Call me making a mountain out of a molehill, but diet-drink companies being allowed to donate their product to teens, out of supposed concerns for their heath? And plastering their classrooms with ads of heavily photoshopped women in the process? Those may just have something to do with that:
청정원 홍초가 수험생 여러분을 응원합니다 / Chung Jung Won’s HongCho Cheers For Students Taking University Entrance Exams
by Kim Jong-hoon (김종훈), Asia Today, November 4 2012
대상은 자사의 브랜드인 ‘청정원’ 홍초가 수능시험을 앞둔 고3 수험생을 응원하기 위해 오는 7일까지 서울시내 20여개 학교를 찾아 다니며 홍초 2만여개를 무료로 나눠줄 계획이라고 4일 밝혔다.
On Sunday, Daesang’s brand Chung Jung Won [English website here] announced that to support 3rd year high school students about to take their university entrance exams, they would visit 20 high schools in Seoul before the 8th (the day of the exams) and donate 20,000 bottles of HongCho to students (source, right).

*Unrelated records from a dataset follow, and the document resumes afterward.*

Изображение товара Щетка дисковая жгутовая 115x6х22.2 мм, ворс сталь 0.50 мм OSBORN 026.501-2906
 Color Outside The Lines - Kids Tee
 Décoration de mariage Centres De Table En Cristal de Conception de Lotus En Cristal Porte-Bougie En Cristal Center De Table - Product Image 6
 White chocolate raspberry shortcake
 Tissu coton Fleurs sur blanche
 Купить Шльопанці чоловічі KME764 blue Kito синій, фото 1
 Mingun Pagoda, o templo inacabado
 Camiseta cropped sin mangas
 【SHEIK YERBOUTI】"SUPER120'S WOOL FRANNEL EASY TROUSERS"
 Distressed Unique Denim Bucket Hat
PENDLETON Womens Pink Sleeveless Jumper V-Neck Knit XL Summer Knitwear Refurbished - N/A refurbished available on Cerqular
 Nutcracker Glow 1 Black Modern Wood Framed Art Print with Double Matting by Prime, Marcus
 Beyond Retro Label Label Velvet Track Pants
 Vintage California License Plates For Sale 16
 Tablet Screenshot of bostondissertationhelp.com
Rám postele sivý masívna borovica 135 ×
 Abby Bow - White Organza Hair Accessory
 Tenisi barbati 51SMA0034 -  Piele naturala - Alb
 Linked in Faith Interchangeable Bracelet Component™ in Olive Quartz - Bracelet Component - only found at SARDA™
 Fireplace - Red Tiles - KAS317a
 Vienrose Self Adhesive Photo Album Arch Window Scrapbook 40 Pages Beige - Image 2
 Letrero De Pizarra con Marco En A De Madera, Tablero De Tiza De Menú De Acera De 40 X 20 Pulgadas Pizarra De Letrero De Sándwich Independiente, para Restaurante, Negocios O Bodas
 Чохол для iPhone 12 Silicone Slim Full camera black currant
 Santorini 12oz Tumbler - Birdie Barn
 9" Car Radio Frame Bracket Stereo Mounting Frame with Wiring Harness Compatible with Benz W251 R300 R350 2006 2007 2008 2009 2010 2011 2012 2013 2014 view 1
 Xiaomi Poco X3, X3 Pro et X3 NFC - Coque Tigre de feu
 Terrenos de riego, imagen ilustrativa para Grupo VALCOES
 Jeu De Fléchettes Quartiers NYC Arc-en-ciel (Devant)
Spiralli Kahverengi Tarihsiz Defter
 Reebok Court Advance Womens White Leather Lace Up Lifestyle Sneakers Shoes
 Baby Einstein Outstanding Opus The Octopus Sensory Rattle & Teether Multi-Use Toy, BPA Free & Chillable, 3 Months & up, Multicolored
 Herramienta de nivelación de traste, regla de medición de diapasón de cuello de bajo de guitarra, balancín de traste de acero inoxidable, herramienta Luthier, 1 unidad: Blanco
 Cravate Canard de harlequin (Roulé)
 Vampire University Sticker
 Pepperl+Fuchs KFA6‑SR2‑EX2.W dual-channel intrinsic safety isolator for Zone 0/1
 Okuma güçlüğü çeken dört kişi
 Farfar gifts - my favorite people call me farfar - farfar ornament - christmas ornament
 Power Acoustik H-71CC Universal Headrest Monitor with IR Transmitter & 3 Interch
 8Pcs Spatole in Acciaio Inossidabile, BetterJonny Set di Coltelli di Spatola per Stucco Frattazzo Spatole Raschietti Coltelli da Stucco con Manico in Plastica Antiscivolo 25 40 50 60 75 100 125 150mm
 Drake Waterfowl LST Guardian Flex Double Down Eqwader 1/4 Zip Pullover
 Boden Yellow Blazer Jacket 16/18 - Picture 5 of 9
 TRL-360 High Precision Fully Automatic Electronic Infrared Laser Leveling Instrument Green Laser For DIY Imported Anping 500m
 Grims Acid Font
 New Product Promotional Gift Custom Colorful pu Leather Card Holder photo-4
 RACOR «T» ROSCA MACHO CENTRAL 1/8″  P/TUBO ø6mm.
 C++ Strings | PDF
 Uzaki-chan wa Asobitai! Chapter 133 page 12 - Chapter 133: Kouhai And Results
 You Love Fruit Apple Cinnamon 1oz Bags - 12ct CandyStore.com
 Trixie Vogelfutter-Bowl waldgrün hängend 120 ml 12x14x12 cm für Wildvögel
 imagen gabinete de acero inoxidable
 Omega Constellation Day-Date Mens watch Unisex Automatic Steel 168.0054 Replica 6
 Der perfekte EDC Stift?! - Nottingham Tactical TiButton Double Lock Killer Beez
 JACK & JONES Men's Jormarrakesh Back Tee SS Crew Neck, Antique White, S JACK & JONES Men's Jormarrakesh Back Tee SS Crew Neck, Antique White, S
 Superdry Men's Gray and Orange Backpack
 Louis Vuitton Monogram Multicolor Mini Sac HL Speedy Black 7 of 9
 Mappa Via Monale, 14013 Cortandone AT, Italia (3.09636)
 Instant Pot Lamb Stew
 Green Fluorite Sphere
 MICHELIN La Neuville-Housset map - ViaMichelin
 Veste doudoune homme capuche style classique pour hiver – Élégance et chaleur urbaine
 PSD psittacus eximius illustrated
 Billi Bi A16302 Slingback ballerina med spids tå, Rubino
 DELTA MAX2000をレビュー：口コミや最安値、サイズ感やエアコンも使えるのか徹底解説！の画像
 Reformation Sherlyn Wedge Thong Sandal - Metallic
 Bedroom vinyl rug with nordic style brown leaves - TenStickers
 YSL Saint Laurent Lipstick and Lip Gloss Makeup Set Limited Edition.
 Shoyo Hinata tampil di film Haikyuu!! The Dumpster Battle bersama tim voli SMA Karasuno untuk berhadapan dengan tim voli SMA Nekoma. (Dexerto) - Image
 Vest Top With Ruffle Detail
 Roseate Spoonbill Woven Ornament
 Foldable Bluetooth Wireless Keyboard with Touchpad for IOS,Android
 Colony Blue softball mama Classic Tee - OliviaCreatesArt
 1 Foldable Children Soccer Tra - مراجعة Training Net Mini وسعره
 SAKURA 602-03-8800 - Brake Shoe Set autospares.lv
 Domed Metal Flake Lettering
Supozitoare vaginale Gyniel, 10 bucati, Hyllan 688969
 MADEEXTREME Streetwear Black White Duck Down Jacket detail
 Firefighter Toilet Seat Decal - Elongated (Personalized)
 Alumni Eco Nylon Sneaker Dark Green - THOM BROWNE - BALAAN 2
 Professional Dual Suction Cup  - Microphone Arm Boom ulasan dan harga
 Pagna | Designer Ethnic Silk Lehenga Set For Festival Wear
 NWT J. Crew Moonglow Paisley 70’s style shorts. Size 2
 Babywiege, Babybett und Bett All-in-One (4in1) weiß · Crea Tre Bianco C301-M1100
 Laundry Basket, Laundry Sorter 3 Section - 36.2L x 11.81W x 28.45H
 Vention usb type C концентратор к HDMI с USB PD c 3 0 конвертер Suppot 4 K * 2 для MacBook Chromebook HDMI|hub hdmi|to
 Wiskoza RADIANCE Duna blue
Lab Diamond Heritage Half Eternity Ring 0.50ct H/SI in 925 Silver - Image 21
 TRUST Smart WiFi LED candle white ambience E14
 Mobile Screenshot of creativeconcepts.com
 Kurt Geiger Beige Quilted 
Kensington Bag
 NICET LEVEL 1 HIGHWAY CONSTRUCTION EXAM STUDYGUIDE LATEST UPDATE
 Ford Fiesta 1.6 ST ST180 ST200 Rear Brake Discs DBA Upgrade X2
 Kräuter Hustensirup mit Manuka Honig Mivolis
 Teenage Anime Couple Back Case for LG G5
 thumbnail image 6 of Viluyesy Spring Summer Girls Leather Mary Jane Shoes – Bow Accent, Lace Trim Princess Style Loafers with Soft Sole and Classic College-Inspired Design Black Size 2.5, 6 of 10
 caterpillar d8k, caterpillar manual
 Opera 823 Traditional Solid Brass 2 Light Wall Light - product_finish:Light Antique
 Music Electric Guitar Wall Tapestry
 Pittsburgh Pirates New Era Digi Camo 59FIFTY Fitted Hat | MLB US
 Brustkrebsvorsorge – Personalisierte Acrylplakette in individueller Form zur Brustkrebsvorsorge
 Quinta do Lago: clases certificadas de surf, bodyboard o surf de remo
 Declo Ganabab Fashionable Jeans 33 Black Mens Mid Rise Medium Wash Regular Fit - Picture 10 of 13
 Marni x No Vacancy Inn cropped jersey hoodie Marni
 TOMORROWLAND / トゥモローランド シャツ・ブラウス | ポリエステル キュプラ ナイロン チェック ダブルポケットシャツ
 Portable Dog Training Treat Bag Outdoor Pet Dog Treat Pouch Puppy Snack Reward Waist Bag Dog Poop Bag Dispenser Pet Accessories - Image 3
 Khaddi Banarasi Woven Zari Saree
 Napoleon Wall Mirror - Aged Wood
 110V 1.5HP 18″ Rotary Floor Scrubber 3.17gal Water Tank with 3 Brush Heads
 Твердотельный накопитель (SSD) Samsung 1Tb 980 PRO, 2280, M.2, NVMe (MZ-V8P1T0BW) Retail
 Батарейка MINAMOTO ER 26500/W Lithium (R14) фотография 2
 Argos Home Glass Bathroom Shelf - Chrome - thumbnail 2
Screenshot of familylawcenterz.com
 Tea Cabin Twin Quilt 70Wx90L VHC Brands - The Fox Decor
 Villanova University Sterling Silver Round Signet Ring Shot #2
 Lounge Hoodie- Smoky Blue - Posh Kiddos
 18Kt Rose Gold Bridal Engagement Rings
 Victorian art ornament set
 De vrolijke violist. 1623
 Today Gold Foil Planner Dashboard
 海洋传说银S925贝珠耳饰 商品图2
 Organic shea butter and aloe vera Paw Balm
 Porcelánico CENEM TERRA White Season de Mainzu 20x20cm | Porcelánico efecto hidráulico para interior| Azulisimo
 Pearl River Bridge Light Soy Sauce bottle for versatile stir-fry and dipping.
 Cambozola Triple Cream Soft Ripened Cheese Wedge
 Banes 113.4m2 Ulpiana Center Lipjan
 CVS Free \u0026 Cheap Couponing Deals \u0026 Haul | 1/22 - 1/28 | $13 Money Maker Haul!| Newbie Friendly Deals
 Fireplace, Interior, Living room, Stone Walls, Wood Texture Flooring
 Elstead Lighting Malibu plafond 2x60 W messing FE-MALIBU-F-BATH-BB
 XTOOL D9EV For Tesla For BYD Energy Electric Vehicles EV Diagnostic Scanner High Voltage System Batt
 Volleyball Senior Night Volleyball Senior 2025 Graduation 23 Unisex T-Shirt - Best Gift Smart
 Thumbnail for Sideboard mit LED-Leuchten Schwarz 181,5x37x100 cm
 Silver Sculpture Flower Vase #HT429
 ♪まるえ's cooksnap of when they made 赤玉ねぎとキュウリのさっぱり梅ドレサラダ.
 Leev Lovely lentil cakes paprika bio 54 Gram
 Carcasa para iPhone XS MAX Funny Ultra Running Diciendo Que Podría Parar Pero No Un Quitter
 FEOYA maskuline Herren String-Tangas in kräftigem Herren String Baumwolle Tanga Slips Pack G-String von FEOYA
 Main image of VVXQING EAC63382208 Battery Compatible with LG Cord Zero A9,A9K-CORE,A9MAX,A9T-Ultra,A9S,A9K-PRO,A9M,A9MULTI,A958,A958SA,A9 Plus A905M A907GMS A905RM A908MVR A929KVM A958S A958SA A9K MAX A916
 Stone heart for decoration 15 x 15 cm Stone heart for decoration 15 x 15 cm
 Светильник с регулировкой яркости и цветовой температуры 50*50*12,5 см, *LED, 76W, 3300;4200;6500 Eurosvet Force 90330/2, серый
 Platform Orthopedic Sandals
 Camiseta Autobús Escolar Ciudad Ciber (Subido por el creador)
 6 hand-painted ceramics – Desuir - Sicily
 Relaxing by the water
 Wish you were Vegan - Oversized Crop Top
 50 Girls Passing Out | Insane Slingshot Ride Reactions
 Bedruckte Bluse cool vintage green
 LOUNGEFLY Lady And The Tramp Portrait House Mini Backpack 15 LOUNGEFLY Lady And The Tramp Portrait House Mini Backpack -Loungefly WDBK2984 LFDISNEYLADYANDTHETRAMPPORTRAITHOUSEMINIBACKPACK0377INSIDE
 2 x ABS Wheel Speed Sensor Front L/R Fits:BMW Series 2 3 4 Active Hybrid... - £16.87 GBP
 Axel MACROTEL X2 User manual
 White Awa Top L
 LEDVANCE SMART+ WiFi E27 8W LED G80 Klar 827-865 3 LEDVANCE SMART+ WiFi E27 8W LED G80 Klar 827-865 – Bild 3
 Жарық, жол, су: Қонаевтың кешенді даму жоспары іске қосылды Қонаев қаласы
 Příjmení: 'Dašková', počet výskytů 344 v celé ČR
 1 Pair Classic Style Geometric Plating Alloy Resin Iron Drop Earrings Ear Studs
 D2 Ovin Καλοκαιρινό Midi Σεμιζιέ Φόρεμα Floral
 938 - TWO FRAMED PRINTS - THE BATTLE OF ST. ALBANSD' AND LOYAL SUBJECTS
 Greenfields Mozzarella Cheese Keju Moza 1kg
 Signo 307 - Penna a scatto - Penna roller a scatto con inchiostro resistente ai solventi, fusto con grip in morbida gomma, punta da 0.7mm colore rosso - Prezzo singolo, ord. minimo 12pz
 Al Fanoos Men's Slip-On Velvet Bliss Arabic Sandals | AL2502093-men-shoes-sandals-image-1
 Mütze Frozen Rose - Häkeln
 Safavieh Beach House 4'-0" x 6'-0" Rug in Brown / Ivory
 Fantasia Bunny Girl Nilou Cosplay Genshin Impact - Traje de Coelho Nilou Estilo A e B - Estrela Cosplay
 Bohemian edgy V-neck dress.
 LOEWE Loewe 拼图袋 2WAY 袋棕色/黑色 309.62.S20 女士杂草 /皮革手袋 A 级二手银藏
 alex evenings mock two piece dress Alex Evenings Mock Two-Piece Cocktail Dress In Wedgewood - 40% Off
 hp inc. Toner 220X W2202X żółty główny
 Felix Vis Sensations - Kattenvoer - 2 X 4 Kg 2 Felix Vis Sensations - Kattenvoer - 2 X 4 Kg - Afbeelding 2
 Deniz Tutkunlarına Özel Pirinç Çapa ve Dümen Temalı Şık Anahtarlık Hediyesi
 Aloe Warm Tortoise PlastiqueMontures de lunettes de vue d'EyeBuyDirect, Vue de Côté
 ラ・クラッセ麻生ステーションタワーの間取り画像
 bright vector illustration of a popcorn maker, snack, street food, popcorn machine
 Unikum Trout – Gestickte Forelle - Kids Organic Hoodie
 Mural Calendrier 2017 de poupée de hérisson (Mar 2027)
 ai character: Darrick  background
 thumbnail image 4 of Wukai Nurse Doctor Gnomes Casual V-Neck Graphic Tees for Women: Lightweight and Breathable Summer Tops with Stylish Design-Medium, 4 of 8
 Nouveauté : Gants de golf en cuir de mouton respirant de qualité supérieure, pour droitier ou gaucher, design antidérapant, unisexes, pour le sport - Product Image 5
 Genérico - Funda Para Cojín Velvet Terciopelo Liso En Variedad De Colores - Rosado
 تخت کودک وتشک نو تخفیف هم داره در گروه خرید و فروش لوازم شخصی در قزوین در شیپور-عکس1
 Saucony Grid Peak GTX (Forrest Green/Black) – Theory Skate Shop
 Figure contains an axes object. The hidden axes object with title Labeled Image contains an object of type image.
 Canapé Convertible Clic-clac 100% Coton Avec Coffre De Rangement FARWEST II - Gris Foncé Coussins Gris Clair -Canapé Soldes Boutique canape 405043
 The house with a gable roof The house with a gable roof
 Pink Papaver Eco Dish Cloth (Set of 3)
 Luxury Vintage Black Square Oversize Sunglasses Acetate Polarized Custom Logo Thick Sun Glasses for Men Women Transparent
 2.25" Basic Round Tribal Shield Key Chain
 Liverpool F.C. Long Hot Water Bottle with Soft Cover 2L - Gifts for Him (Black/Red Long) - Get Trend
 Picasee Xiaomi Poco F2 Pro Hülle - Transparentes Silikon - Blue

청정원측은 오랜 시험준비로 지친 수험생들이 좋은 컨디션으로 시험을 볼 수 있도록 응원하기 위한 마음으로 기획 된 행사라고 설명했다. 수능이 끝난 이후에도 홍초를 내세운 다양한 마케팅 활동으로 그간 고생이 많았던 수험생들을 지원할 계획이다.
Chung Jung Won explained that this is an event for tired students that have been preparing for the exams for such a long time, so that they can be in good condition on the exam day. Also, that even after the exams, the company plans to continue supporting those students that have suffered so much, through various HongCho marketing events.
한편, 홍초는 피로회복 등에 도움이 되는 기능성 원료인 콜라겐과 헛개나무 농축액, 그리고 식이섬유를 풍부하게 함유하고 있는 건강기능성 음용식초다.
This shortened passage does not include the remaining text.